*** DATA TO USE

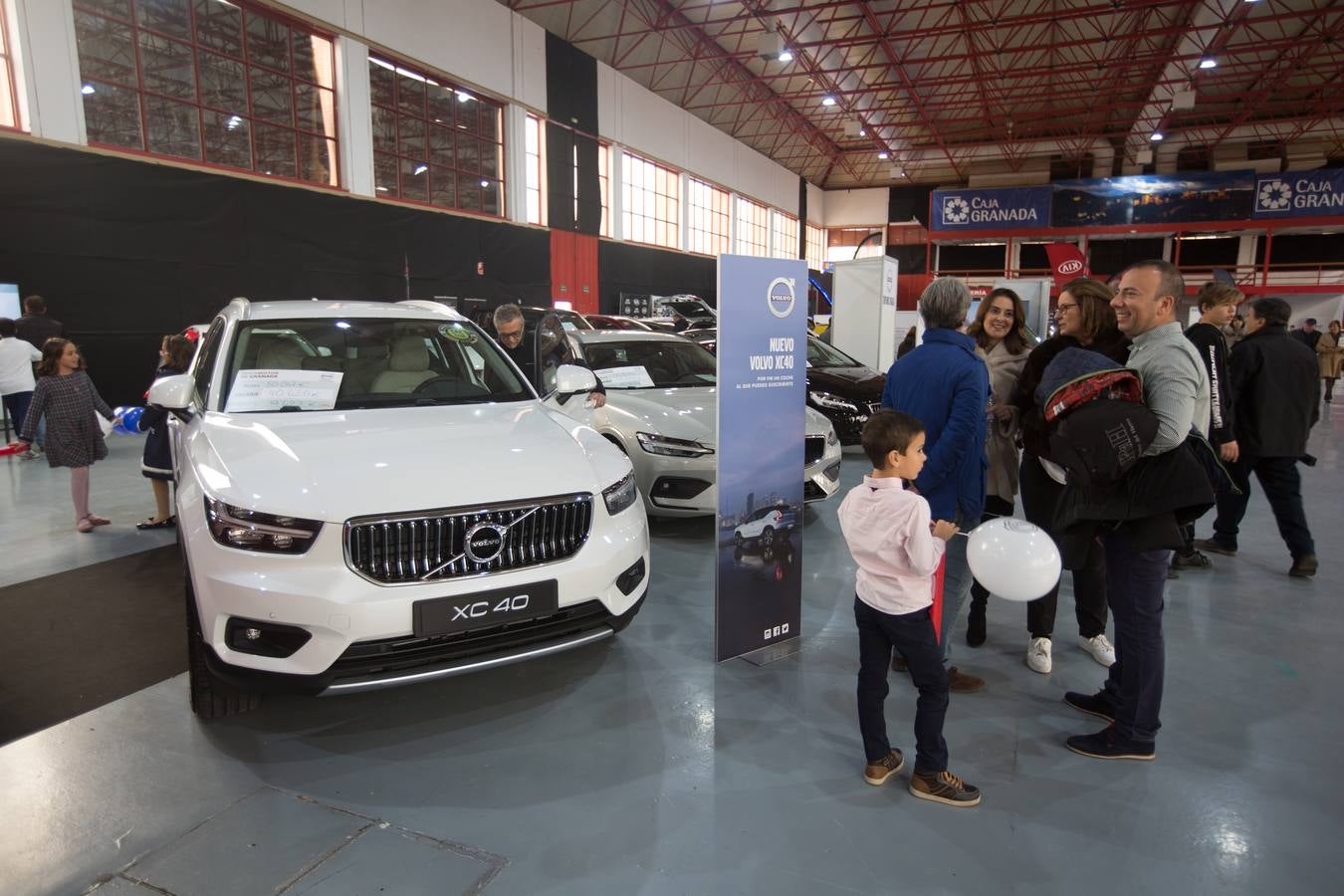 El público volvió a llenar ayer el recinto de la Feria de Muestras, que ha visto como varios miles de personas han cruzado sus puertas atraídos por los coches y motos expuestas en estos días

******
*** DATA TO USE

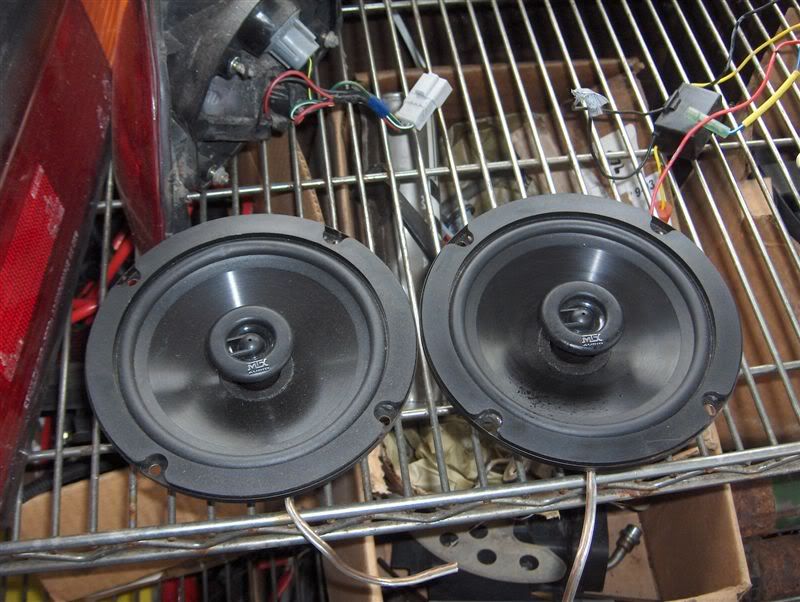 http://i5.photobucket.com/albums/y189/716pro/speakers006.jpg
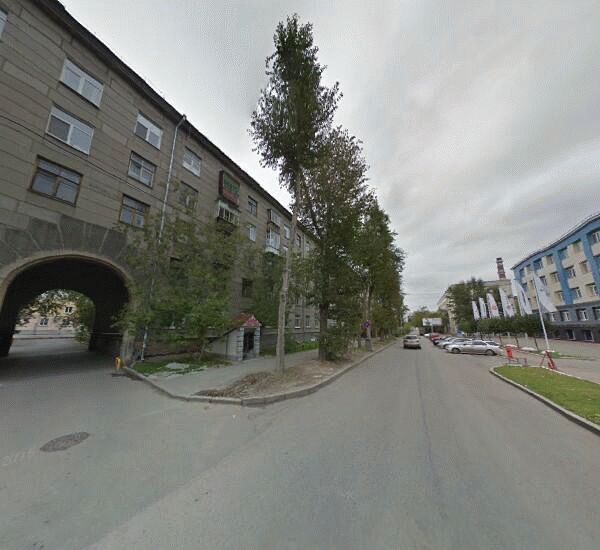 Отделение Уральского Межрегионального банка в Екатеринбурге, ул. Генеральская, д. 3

******
*** DATA TO USE

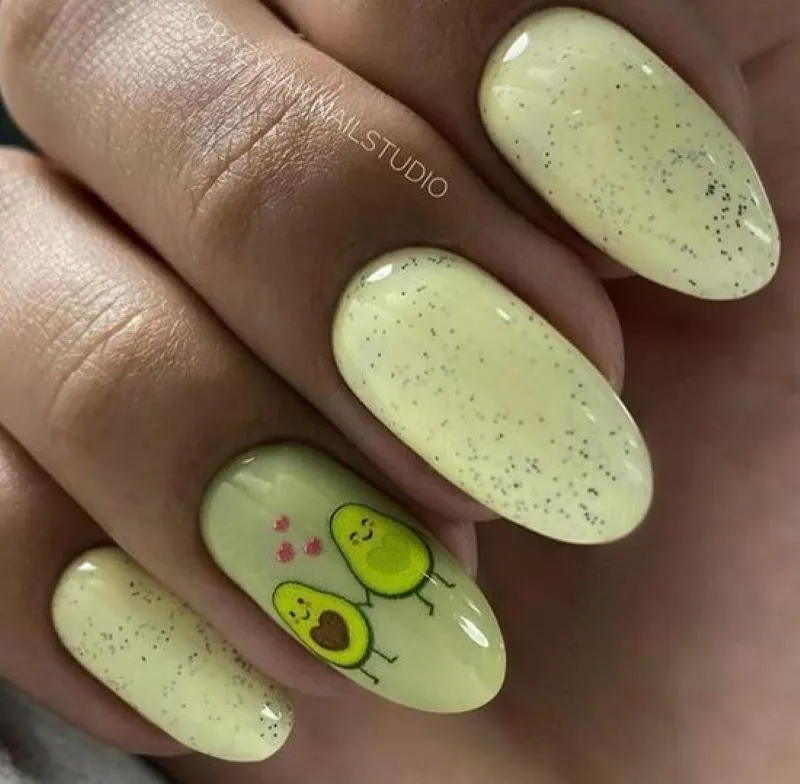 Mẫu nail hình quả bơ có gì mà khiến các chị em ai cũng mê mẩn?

******

Word for word, restate the lines above from the one with "http://i5.photobucket.com/albums/y189/716pro/speakers006.jpg" through the one with "Отделение Уральского Межрегионального", keeping both ends and dropping the pictures.

 http://i5.photobucket.com/albums/y189/716pro/speakers006.jpg
 Отделение Уральского Межрегионального банка в Екатеринбурге, ул. Генеральская, д. 3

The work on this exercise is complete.